As of Nov. 17, Cotton is leading Walia by just over 1% or 41 votes. Cotton pulled out to an early lead on election night, holding a 54% to 45% edge, but her advantage dwindled over the last week.

Cotton is a retired veterinarian and long-time volunteer EMT with the Snoqualmie Fire Department. Walia is a medical physician who works with elderly patients.

Milstein wins seat on school board

Judith Milstein has won her race for the district 2 seat on the Snoqualmie Valley School Board, defeating Linda Grez.

Milstein holds nearly 52% of the vote as of Nov. 17. That is a 430-vote lead over Grez, who holds 47% of the vote.

Si View pool levy falls short

For the third time in four years, voters have shot down a Si View Parks property tax levy looking to build a new community pool.

A majority of voters – 56% as of Nov. 17 – cast ballots in support of the levy, but the measure needs to meet 60% approval to pass.

The result is similar to past property tax levies Si View put on the ballot in 2020 and 2022. Those measures won 56% and 57% approval respectively, with the latter failing by less than 200 votes.
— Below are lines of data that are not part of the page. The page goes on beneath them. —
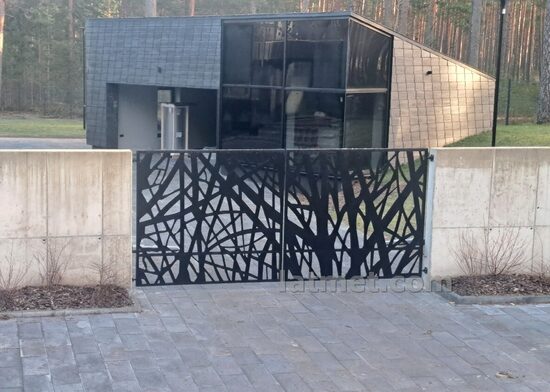 Verami auto transporta vārti ar lāzeragrieztu loksni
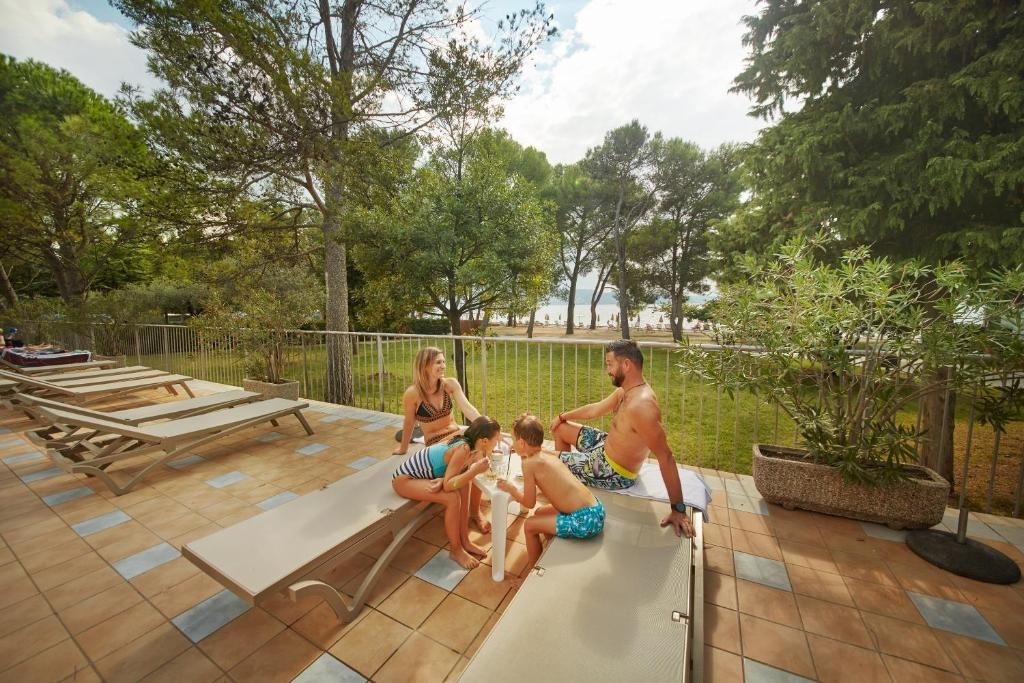 ADRIA relax by the sea
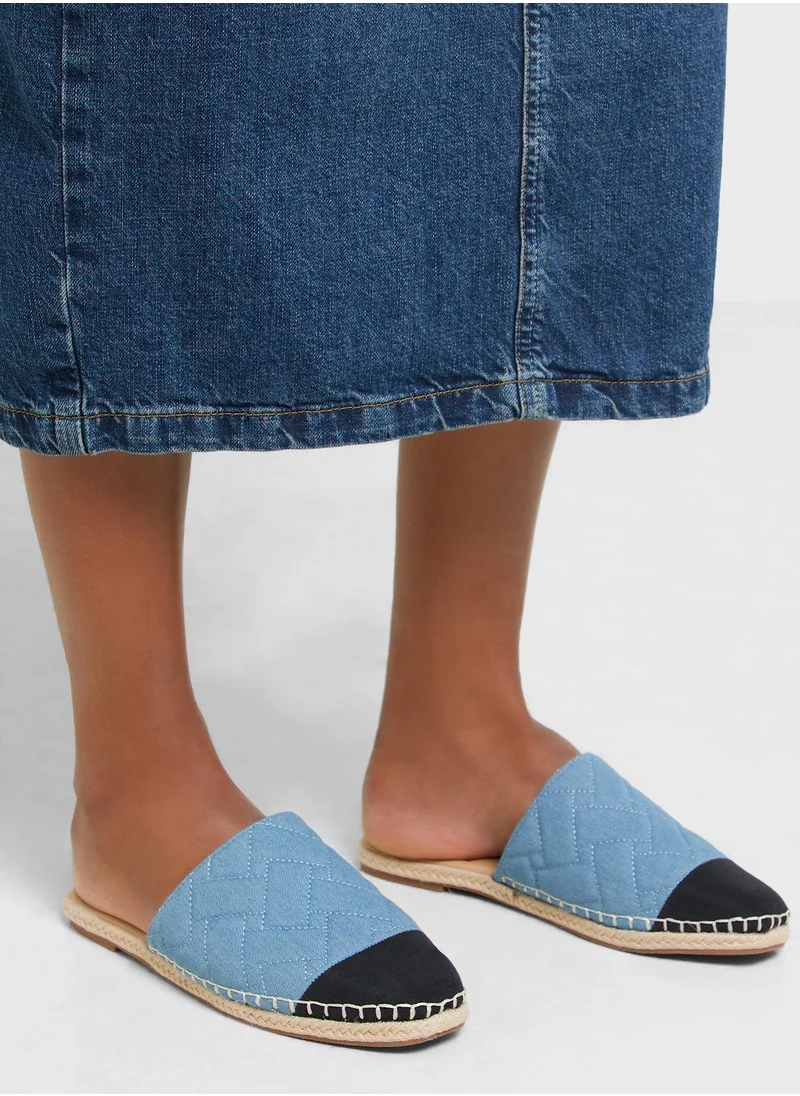 جينجر Quilted Toe Cap Slip On Espadrille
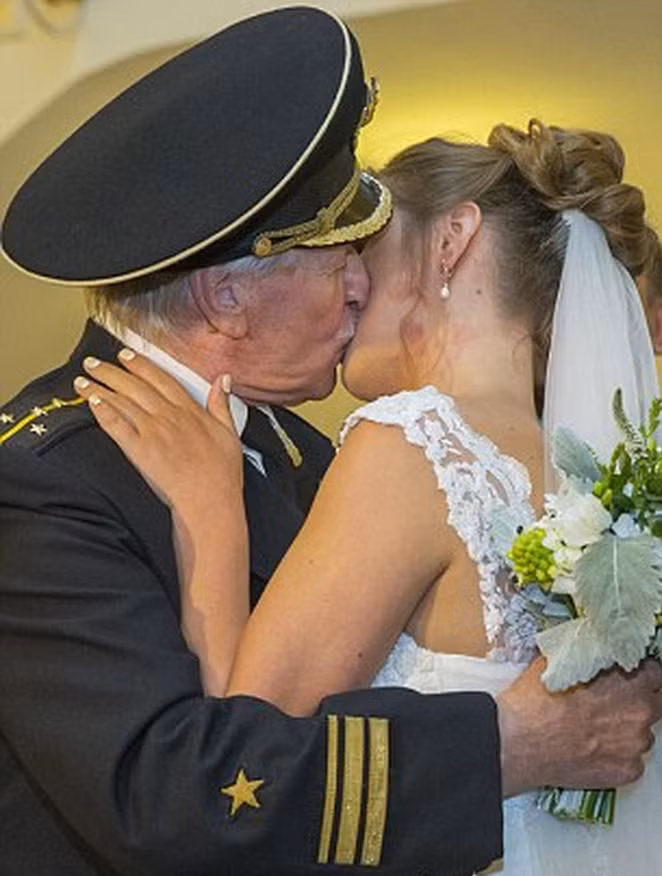 Được biết, 2 tuần nữa Ivan sẽ bước sang tuổi 85, tuy vậy nam diễn viên từng kết hôn 3 lần, có 6 người con và 3 đứa cháu này vẫn mong muốn được về sống chung một nhà với Natalia. Sau hôn lễ, cặp đôi ông cháu dự định sống trong căn hộ của Ivan ở trung tâm thủ đô Moscow.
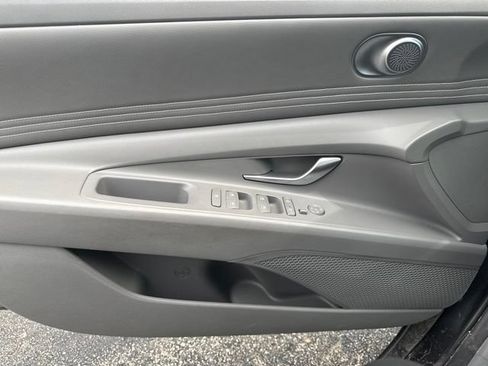 Used 2022 Hyundai Elantra SEL w/ Convenience Package FWD image 15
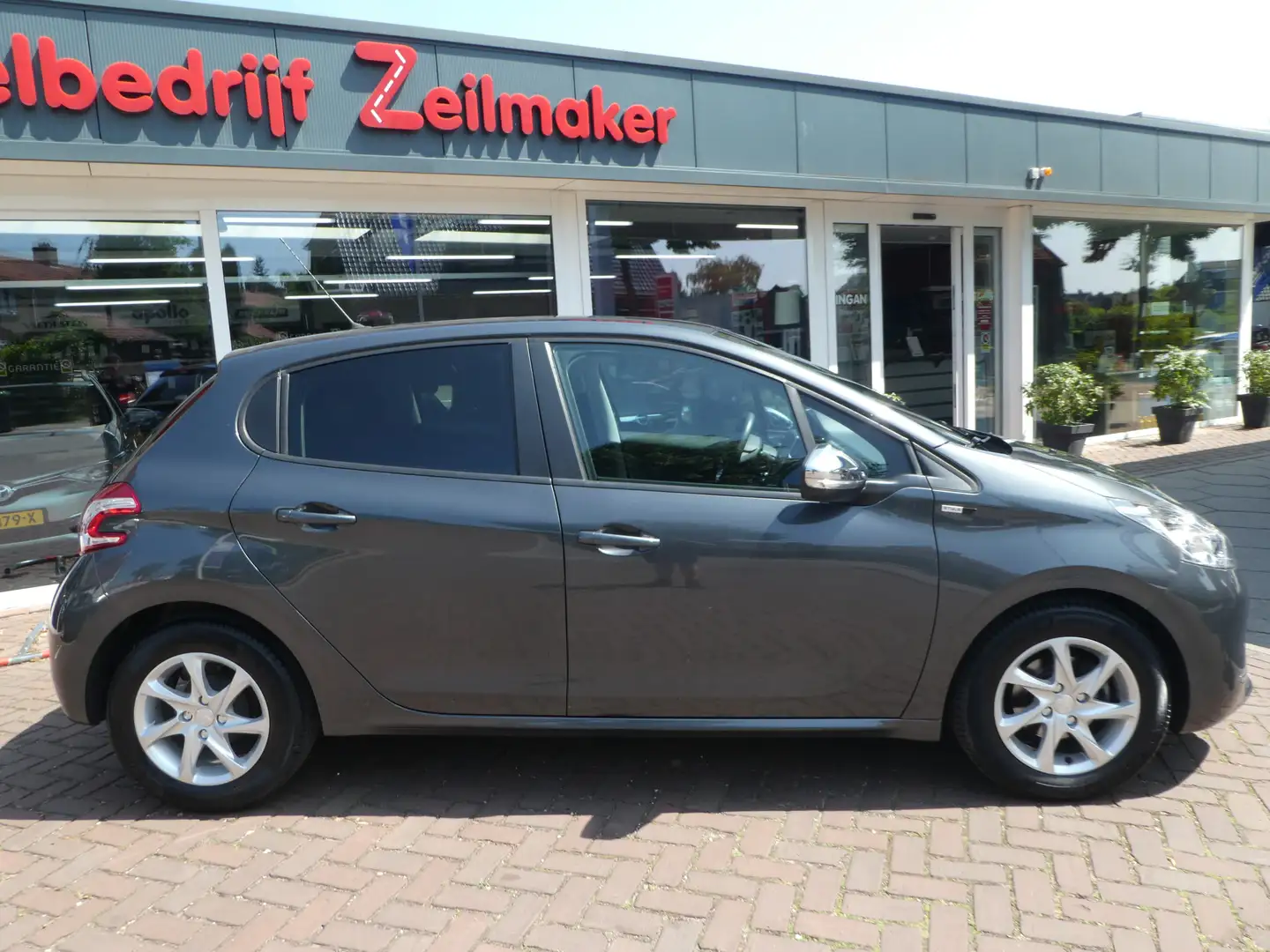 Peugeot 208 1.2 VTi Style Airco, LM Velgen, Navi Gris - 2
The rejection means Si View is likely to lose out on a $4 million grant from King County Parks. The grant funds were awarded for to Si View for the pool expansion.

Fall City Fire levy passes

A ballot measure looking to raise property taxes to support the growth and stability of the Fall City Fire Department is passing as of Nov. 17. It carries over 51% approval.

The levy raises the total fire service property tax rate for Fall City residents from $1.09 to $1.50 per $1,000 of assessed property value.

Challengers have success in Carnation City Council races

Jessica Merizan has won her races for Carnation City Council Position 5, unseating incumbent Dustin Green.

As of Nov. 17, Merizan carried 56% of the vote, a 12-point lead over Green.

Challenger Brodie Nelson also narrowly defeated incumbent Tim Harris in the position 3 race. As of Nov. 17. Nelson had 51% of the vote, holding about a 3 point (or 20 vote) lead over Harris.

Burrell wins seat after appointment

Carnation City Councilmember Ryan Burrell, who was appointed to the council in September 2022, has overwhelmingly won election for the first time over challenger Max Voelker. Burrell carries 58% of the vote, a 17 point lead. Burrell is a business and hardware implementation analyst with Costco.

Other Races:

Si View Park District: Tim Noonan defeats Mark Leen is a close race. Noonan won with 50.45% of the vote.

Snoqualmie Valley Hospital District: Incumbent Emma Herron defeats challenger Robert Angrisano, with 53% of the vote.


As of the most recent data, turnout in North Bend is over 54% among registered voters. That’s notably high for an off-year, non-presidential election.

Over 3,100 of the city’s 5,785 registered voters cast a ballot in what was a busy election cycle. In addition to a mayoral contest and two competitive city council races, there was also a property tax measure for a new pool from the Si View Parks District, which includes North Bend city limits.

In neighboring Snoqualmie, which did not have a mayor’s race on the ballot, only 32% of registered voters turned out to vote. City voters had only two competitive city council races.

In Carnation, nearly 47% of the city’s 1,552 registered voters cast a ballot. The city had three of its five city council seats up for grabs.

Election Results will be certified on Nov. 28.